Before HASTIE and MAX ROSENN, Circuit Judges, and McCUNE, District Judge.
OPINION OF THE COURT
MAX ROSENN, Circuit Judge.
Allegheny Airlines, Inc. (Allegheny) brought suit in the United States District Court for the Eastern District of Pennsylvania seeking a declaratory judgment holding that certain of the Pennsylvania Public Utility Commission's (PUC) orders and rules, pertaining to air service between Pennsylvania cities, constituted an unlawful intrusion upon an area occupied exclusively by federal legislation. Allegheny also sought to perpetually enjoin the PUC from further actions against it.1 The district court decided that the case presented a situation in which it was compelled to abstain. It therefore dismissed the complaint. Allegheny Airlines, Inc. v. Pennsylvania Pub. Util. Comm., 319 F.Supp. 407 (E.D. Pa.1970). From this decision, Allegheny appeals.
Allegheny received from the PUC an intrastate freight certificate in 1940, and a passenger certificate in 1949. Until 1963, one of the services provided by Allegheny, and for which it was and is certificated by the PUC, was nonstop service between Williamsport and Harrisburg, a distance of some 71 miles.
The flight between Harrisburg and Williamsport was part of a longer flight route designated by the PUC "intrastate route No. 5." It appears that intrastate route No. 5 was a segment of a still larger route, certified by the Civil Aeronautics Board (CAB), which is interstate in nature. That is to say, planes coming from outside of Pennsylvania fly through the state, landing along the route designated intrastate route No. 5.
In 1963, Allegheny unilaterally discontinued the segment of intrastate route No. 5 which directly connected Williamsport and Harrisburg. Allegheny did not entirely eliminate either Harrisburg or Williamsport from all Allegheny plane service. It was still possible to travel by air on Allegheny airplanes between Williamsport and Harrisburg, although such a journey might require flying to numerous distant points, on a variety of planes, before eventually reaching the desired destination.
After Allegheny discontinued the Williamsport-Harrisburg segment of route No. 5, the PUC and Allegheny entered into negotiations. In the meantime, Allegheny discontinued furnishing single plane direct service between at least six other pairs of points within Pennsylvania. All these discontinuances were on intrastate routes authorized and certificated by the PUC. Subsequently, the negotiations between the airline and the PUC broke down.

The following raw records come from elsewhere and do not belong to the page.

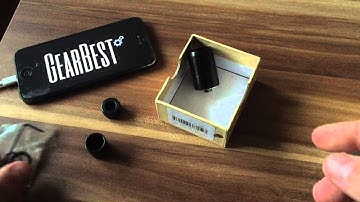 Gearbest - Velocity Style RDA 304 Stainless Steel E-Cigarette Rebuildable Dripping Atomizer with 510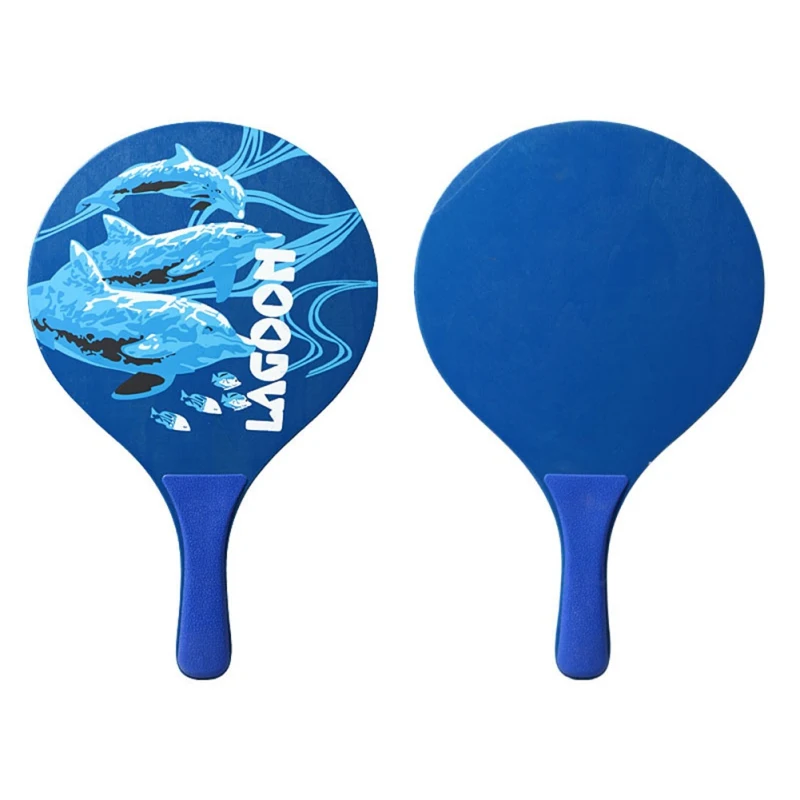 Случайный цвет пляжный мяч стойка удобный летучая мышь для взрослых песок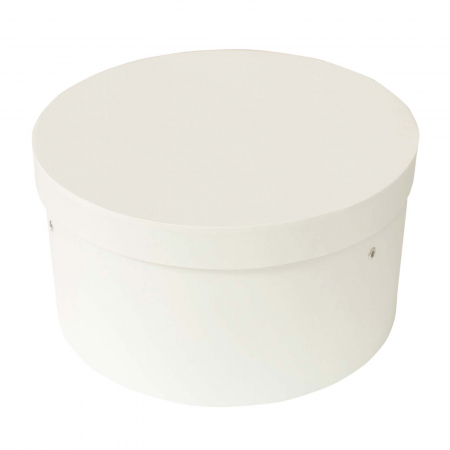 Cutie trusou botez rotunda hartie ivoire [1]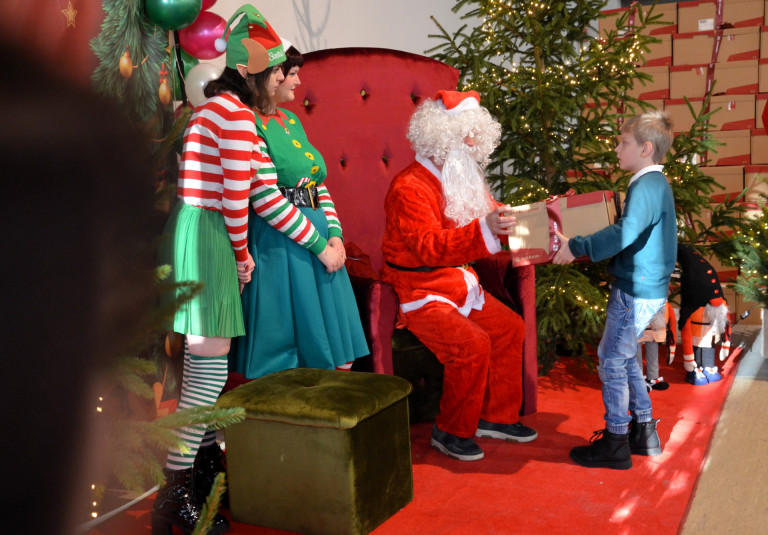 Mikołajki dla rodzin zastępczych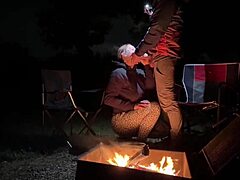 Using My Pussy at Public Camp to Get Caught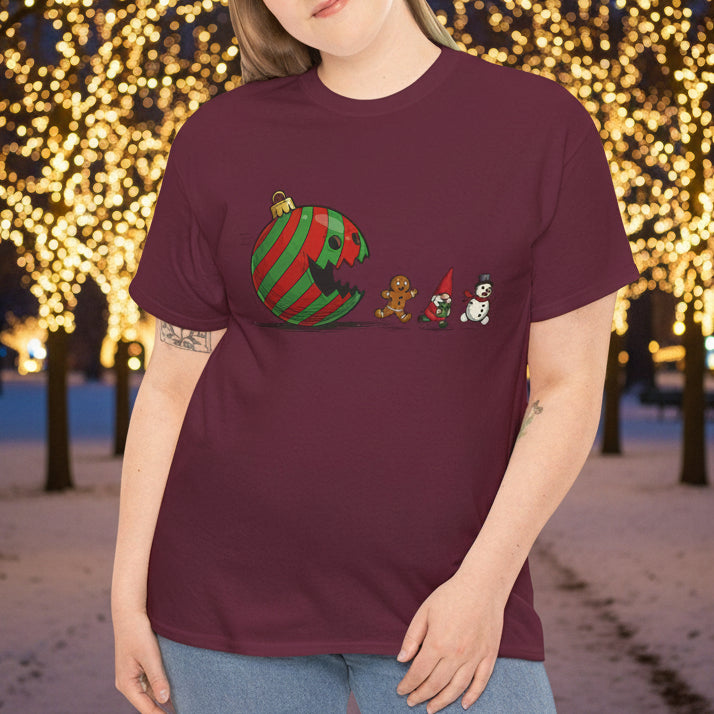 Funny Christmas Ornament Tee – Holiday Humor Unisex Shirt - Kim’s Signature Beauty & Accessories    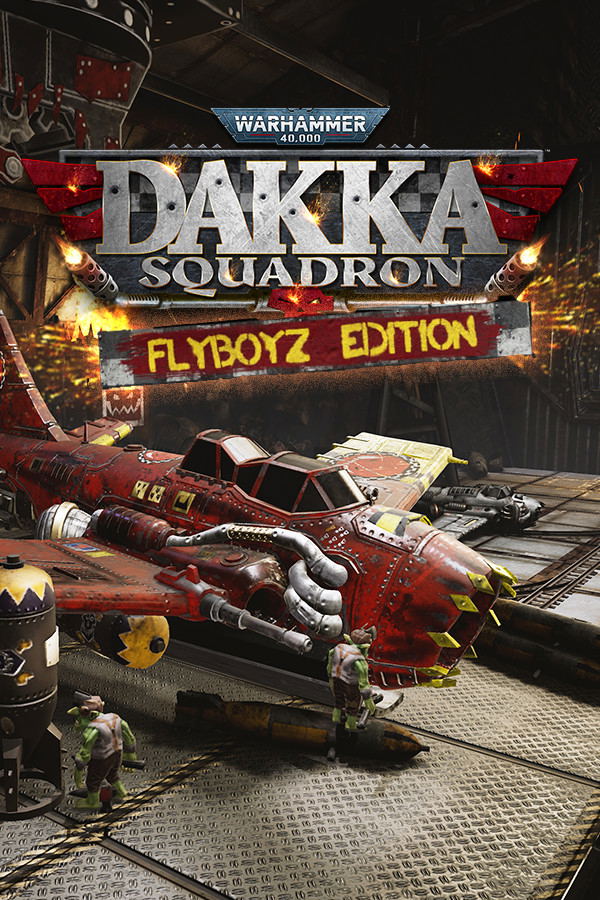 Warhammer 40,000: Dakka Squadron (Flyboyz Edition) <span class="ext" style="background-color: #2a475e; color: #FFFFFF;">STEAM</span> <span class="ext ext_digital">digital</span> image 1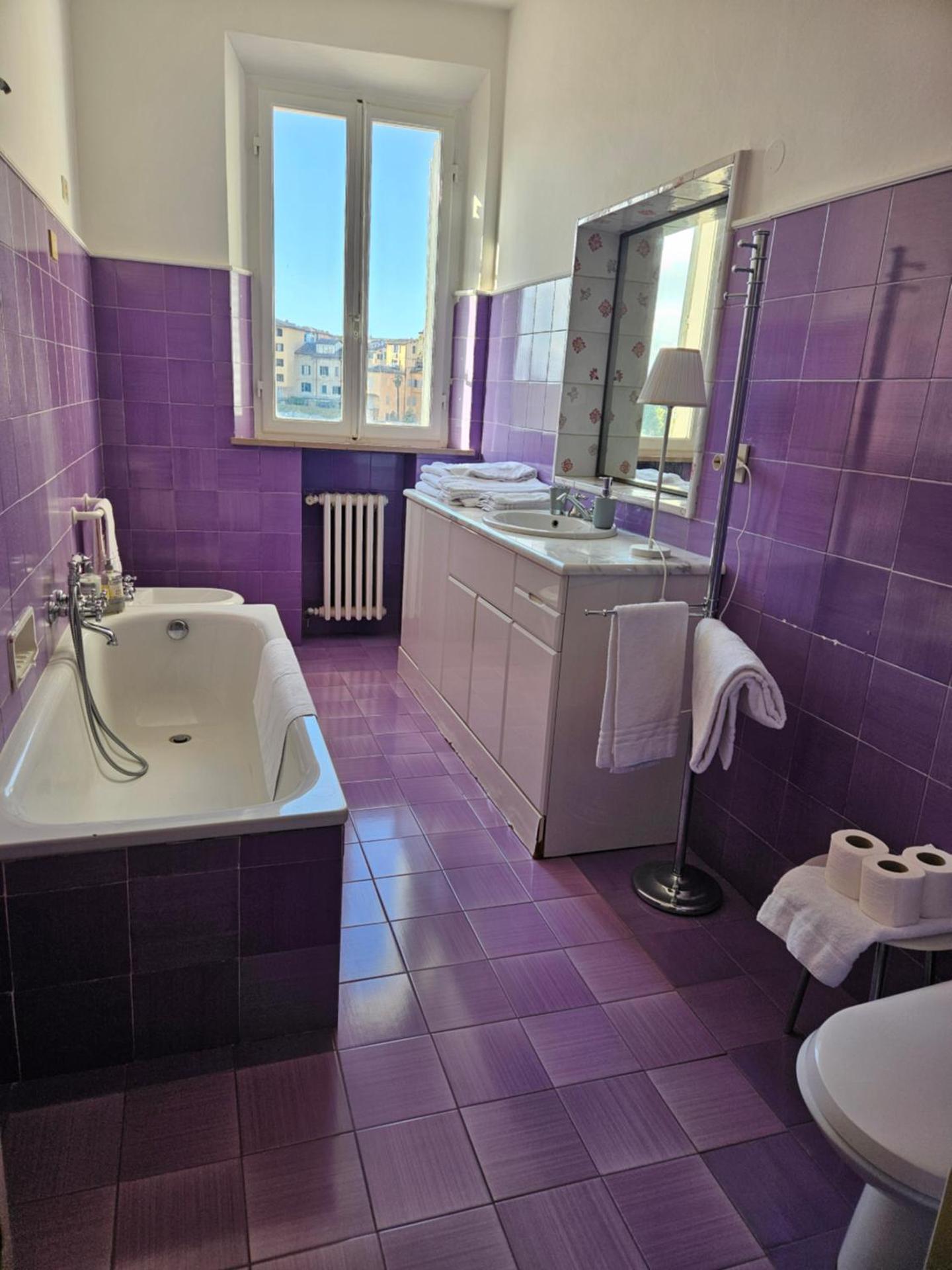 Appartamento incantevole con loggia sui tetti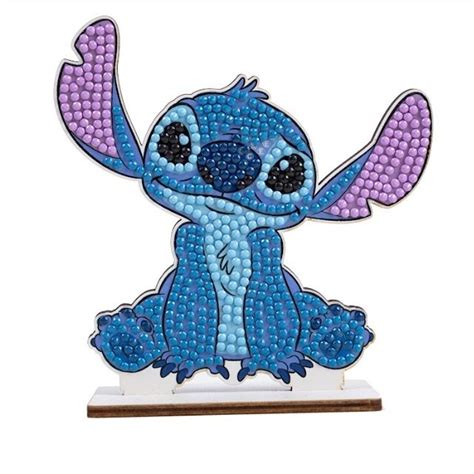 Stich Crystal Art Buddy Kit Crystal Art 5D Diamond Art Disney Craft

The PUC then took official agency action to compel Allegheny-not to furnish the discontinued plane service-but to apply to the PUC, in the manner prescribed by the applicable Pennsylvania law and the regulations of the PUC, whenever it wished to discontinue single plane direct service between intraPennsylvania points on routes authorized by the PUC. In the alternative, the PUC sought restoration of the deleted air service.
On June 10, 1968, the PUC issued a "Rule to Show Cause," which noted that Allegheny had abandoned the air service between Harrisburg and Williamsport without seeking approval of the Commission. The rule directed Allegheny to show cause why its certificate of public convenience should not be canceled, and other appropriate penalties imposed, for its discontinuance of service.
Allegheny answered this rule by arguing that under federal law and the CAB regulations and practice, it was permitted to make such changes at will. Further, it contended that "both as a practical matter and a matter of law, its Pennsylvania certificate of public convenience should be interpreted in a manner which is consistent with its federal certificate." It is clear that the thrust of the airline's answer was that federal law and practice had preempted the state regulation asserted by the PUC. A hearing on the Commission's rule was held on September 19, 1968. At this hearing, Allegheny offered no testimony or other evidence concerning the need to discontinue the service in question. Again, it was clear that the thrust of the airline's position was that federal law had preempted the asserted state action.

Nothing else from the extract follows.